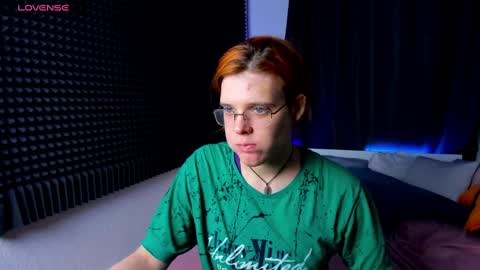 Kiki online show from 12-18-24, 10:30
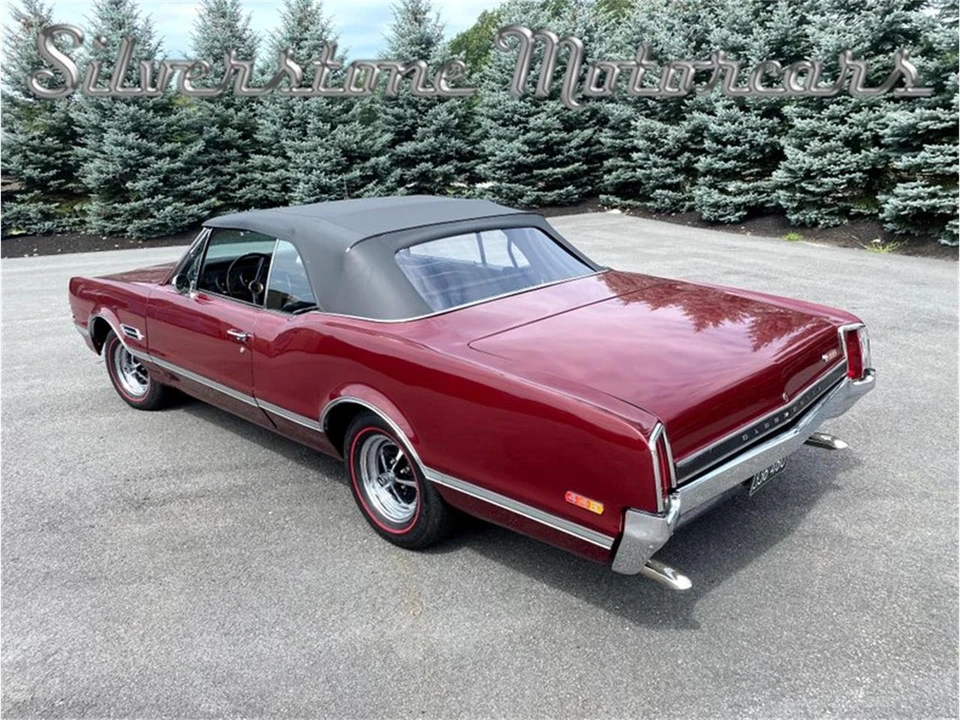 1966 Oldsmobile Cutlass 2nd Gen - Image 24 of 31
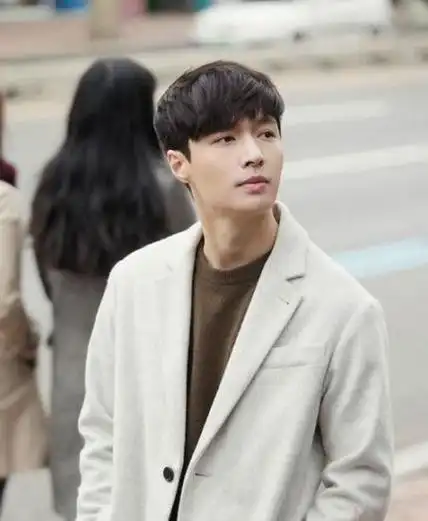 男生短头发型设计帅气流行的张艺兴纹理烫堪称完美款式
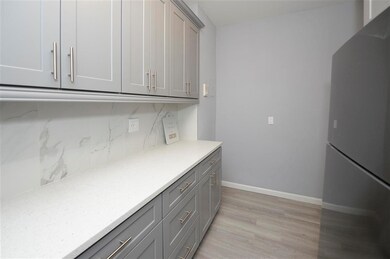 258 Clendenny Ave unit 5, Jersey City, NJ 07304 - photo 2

■ WHAT THE TASK REQUIRES:
What is needed here is each line above set down word for word, minus the images.

■ ANSWER SECTION:
 Kiki online show from 12-18-24, 10:30
 1966 Oldsmobile Cutlass 2nd Gen - Image 24 of 31
 男生短头发型设计帅气流行的张艺兴纹理烫堪称完美款式
 258 Clendenny Ave unit 5, Jersey City, NJ 07304 - photo 2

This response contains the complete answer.